Tracking with the Florida TSA, the new Oklahoma law also prohibits “more than 3 calls in a 24 hour period,” even to consumers who have given prior express written consent, and requires that all telephonic sales calls cease between the hours of 8 p.m. and 8 a.m. The Oklahoma law expressly allows for a private right of action to enforce these provisions. The law also requires callers to use their own voices, stating it is unlawful to “intentionally alter the voice of the caller in an attempt to disguise or conceal the identity of the caller in order to defraud, confuse, or financially or otherwise injure the recipient of a telephonic sales call or in order to obtain personal information from the recipient of a telephonic sales call, which may be used in a fraudulent or unlawful manner.”
The potential damages are the usual $500 per violation, which can be trebled for willful or knowing violations. Of note, however, is that there are no provisions awarding attorneys’ fees to successful plaintiffs.

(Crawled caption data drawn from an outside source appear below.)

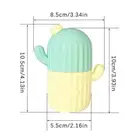 Ice Facial Cube Massager Ice Roller To Depuff Shrink Pores Sculpt Face Care _t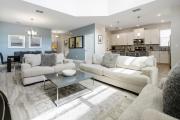 Top Kissimmee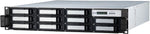 Load image into Gallery viewer, Areca 8050T3-12R 12-bay Rackmount Thunderbolt 3 RAID Storage
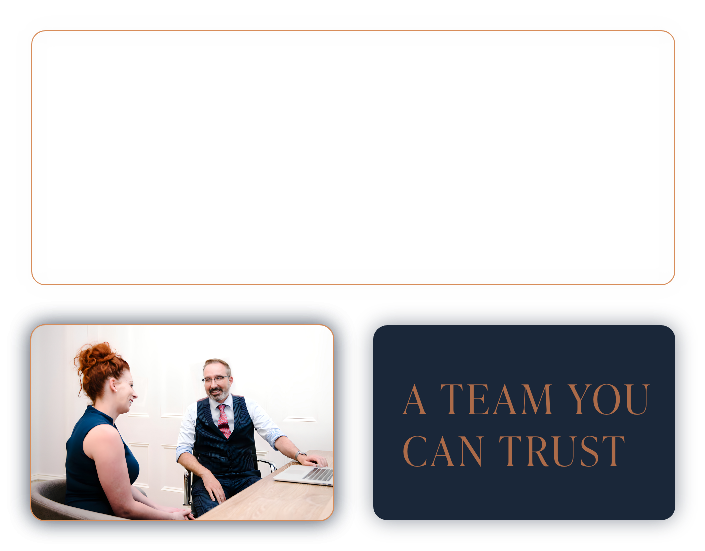 Chin img new1 - mira clinic - 53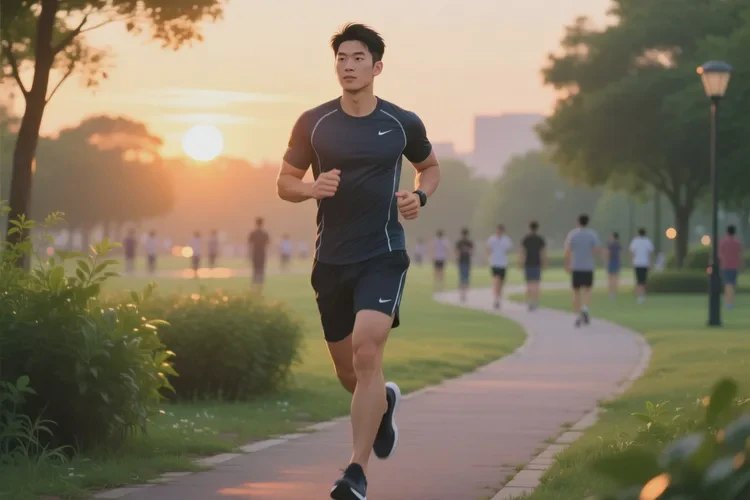 36岁早上血糖20点2是怎么回事(图4)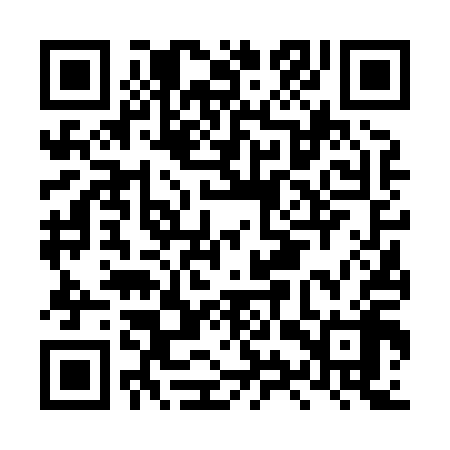 QR code for LYV818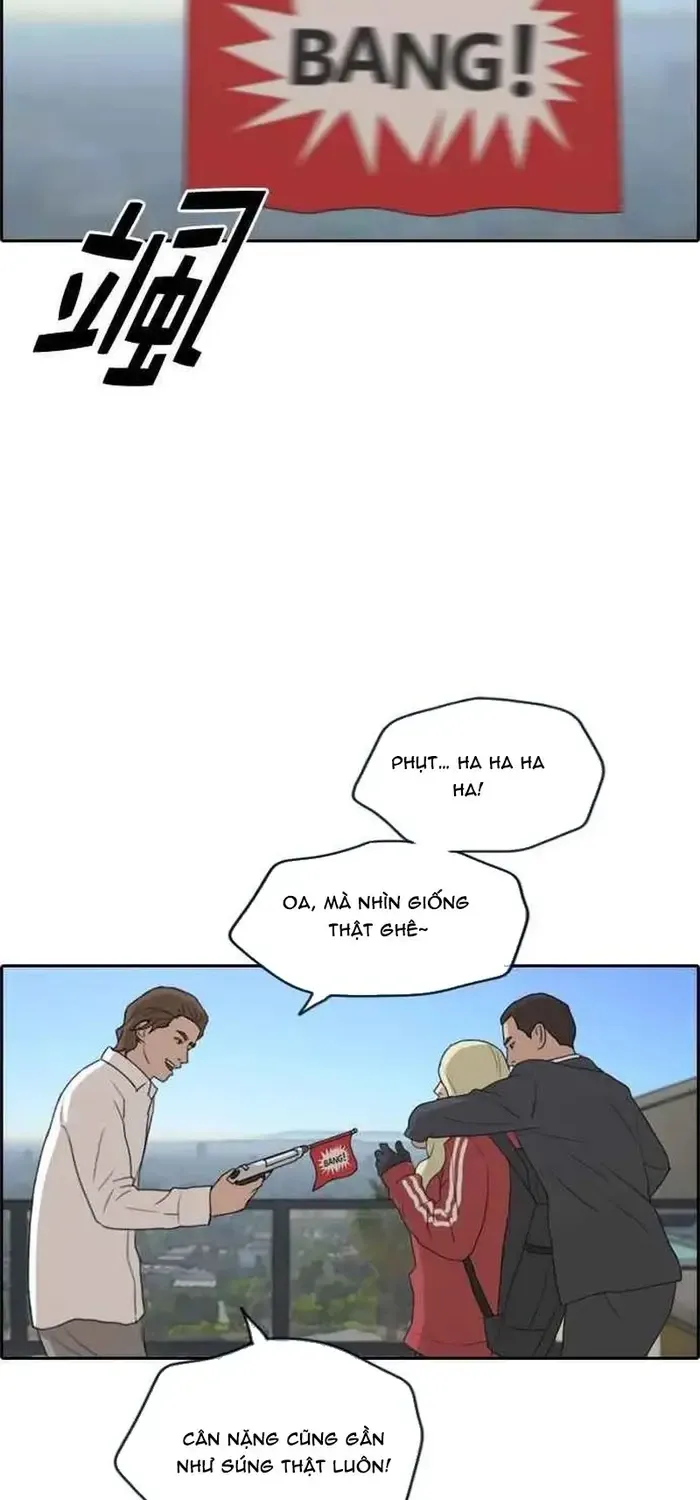 Free Draw Chap 214 - Next Chap 215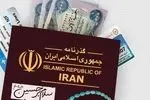 پیشرفت چشم‌گیر در پروژه پل ریلی شلمچه / اتصال ریلی ایران به عراق در دست تحقق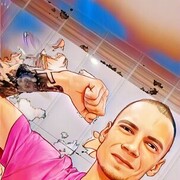 ���������� ���������, ���� ������� �����, 35 ���, ������������ ��� ����� � ���������, c�������� ���������, ���������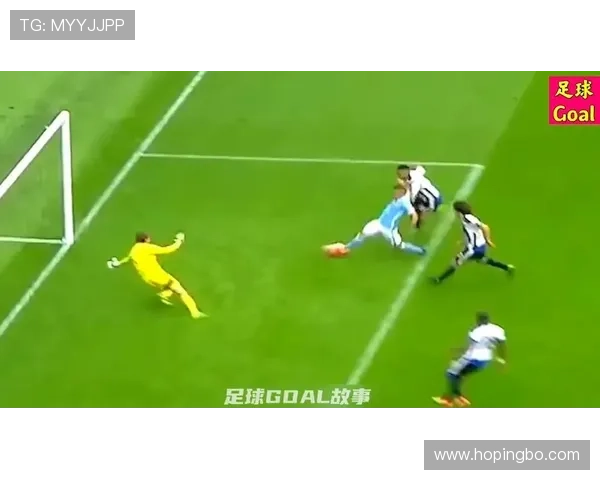 居莱尔 vs 德布劳内：传球创造力与进攻组织效率对比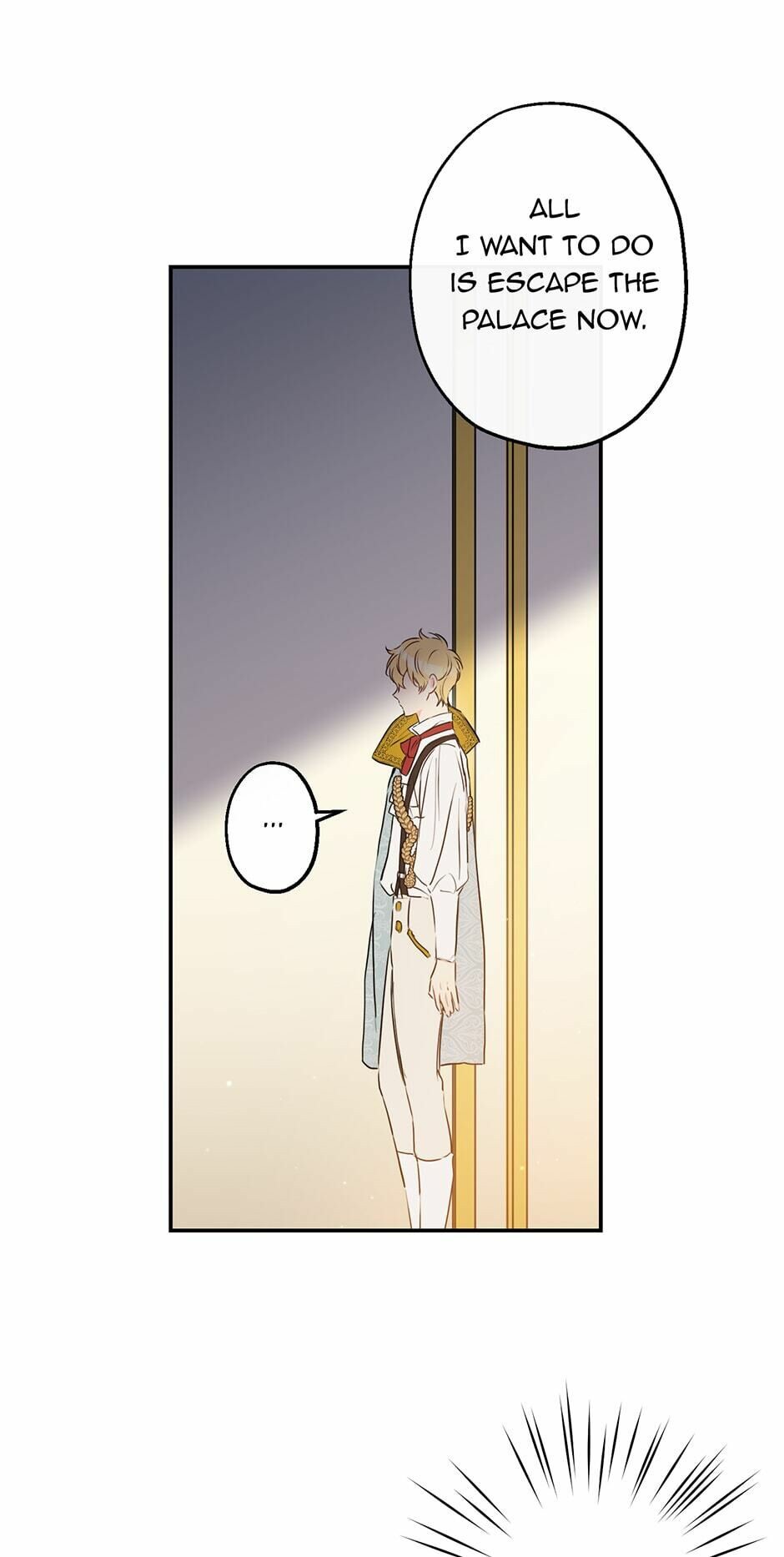 Chapter 68 - Image 12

Also helpful is that the bill enumerates many broad and actually useful exemptions, including calls made for certain noncommercial purposes, calls made to a recipient with an established business relationship, calls by most licensed financial institutions, investment advisors, realtors, and calls by any retailer with a physical footprint generating most of its revenue from a physical store rather than telephone solicitations. There are other more niche exceptions such as for pesticide companies. Also, like Florida’s TSA, Oklahoma exempts calls made to set up an appointment to make an in-person sales pitch, but only if there is neither payment nor commitment to payment made on the phone call. Vendors who do not fit the exemptions but are calling on behalf of entities that do are also exempt in some circumstances if they have been providing telemarketing services for five years or more and 75% or more of its revenue comes from making calls on behalf of statutorily exempt entities.
Businesses that make calls to Oklahoma residents or Oklahoma area codes should review their compliance programs to ensure compliance with the Oklahoma law. Oklahoma is just one of a growing number of states seeking to enact their own state-specific telemarketing laws via statutory schemes we expect to continue to closely track the difficult and controversial Florida statute.